Rukun keenam dan ketujuh:
I’tidal setelah ruku’ dan thuma’ninah
Nabi shallallahu ‘alaihi wa
sallam mengatakan pada orang yang jelek shalatnya,
ثُمَّ ارْفَعْ حَتَّى تَعْتَدِلَ
قَائِمً ا
“Kemudian tegakkanlah badan
(i’tidal) dan thuma’ninalah.”[6]
Rukun kedelapan dan kesembilan: Sujud dan thuma’ninah
Nabi
shallallahu ‘alaihi wa sallam mengatakan pada orang yang jelek
shalatnya,
ثُمَّ اسْجُدْ حَتَّى تَطْمَئِنَّ
سَاجِدًا ا
“Kemudian sujudlah dan
thuma’ninalah ketika sujud.”[7]
Hendaklah sujud dilakukan pada tujuh
bagian anggota badan: [1,2] Telapak tangan kanan dan kiri, [3,4] Lutut kanan
dan kiri, [5,6] Ujung kaki kanan dan kiri, dan [7] Dahi sekaligus dengan
hidung.
Rasulullah shallallahu ‘alaihi wa
sallam bersabda,
أُمِرْتُ أَنْ أَسْجُدَ عَلَى
سَبْعَةِ أَعْظُمٍ عَلَى الْجَبْهَةِ – بِيَدِهِ عَلَى أَنْفِهِ – وَأَشَارَ وَالْيَدَيْنِ ،
وَالرُّكْبَتَيْنِ وَأَطْرَافِ الْقَدَمَيْنِ
“ Aku diperintahkan
bersujud dengan tujuh bagian anggota badan: [1] Dahi (termasuk juga hidung,
beliau mengisyaratkan dengan tangannya), [2,3] telapak tangan kanan dan kiri,
[4,5] lutut kanan dan kiri, dan [6,7] ujung kaki kanan dan kiri. ”
Rukun kesepuluh dan
kesebelas: Duduk di antara dua sujud dan thuma’ninah
Nabi shallallahu ‘alaihi wa
sallam bersabda,
ثُمَّ اسْجُدْ حَتَّى تَطْمَئِنَّ
سَاجِدًا ، ثُمَّ ارْفَعْ حَتَّى تَطْمَئِنَّ جَالِسًا ، ثُمَّ اسْجُدْ حَتَّى
تَطْمَئِنَّ سَاجِدًا
“Kemudian sujudlah dan
thuma’ninalah ketika sujud.

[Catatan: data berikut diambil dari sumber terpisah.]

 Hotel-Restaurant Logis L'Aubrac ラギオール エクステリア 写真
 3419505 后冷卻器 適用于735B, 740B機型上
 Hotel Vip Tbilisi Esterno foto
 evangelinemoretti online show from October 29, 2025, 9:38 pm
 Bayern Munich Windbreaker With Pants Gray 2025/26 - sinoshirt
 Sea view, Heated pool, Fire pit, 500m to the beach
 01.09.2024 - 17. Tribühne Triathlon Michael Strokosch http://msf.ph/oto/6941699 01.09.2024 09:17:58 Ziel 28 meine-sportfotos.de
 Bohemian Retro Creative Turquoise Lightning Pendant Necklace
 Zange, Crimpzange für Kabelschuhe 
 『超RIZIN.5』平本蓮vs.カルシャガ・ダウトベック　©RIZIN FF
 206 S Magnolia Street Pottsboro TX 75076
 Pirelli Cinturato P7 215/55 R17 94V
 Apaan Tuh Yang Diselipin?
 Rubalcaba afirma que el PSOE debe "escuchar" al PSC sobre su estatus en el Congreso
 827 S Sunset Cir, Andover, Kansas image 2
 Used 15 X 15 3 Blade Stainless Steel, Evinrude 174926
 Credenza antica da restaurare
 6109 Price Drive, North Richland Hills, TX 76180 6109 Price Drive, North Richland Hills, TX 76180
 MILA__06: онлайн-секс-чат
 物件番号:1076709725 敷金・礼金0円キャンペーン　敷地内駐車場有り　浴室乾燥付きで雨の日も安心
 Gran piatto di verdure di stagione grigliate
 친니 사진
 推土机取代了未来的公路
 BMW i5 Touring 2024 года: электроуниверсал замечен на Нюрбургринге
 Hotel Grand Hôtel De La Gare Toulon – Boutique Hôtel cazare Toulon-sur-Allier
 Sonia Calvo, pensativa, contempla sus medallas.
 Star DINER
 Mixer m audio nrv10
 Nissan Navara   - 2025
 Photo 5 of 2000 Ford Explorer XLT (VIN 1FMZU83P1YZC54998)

Lalu bangkitlah dari sujud dan thuma’ninalah ketika
duduk. Kemudian sujudlah kembali dan thuma’ninalah ketika sujud.”[8]
Rukun keduabelas dan ketigabelas: Tasyahud akhir dan duduk tasyahud
Nabi
shallallahu ‘alaihi wa sallam bersabda,
فَإِذَا قَعَدَ أَحَدُكُمْ فِى
الصَّلاَةِ فَلْيَقُلِ التَّحِيَّاتُ لِلَّهِ …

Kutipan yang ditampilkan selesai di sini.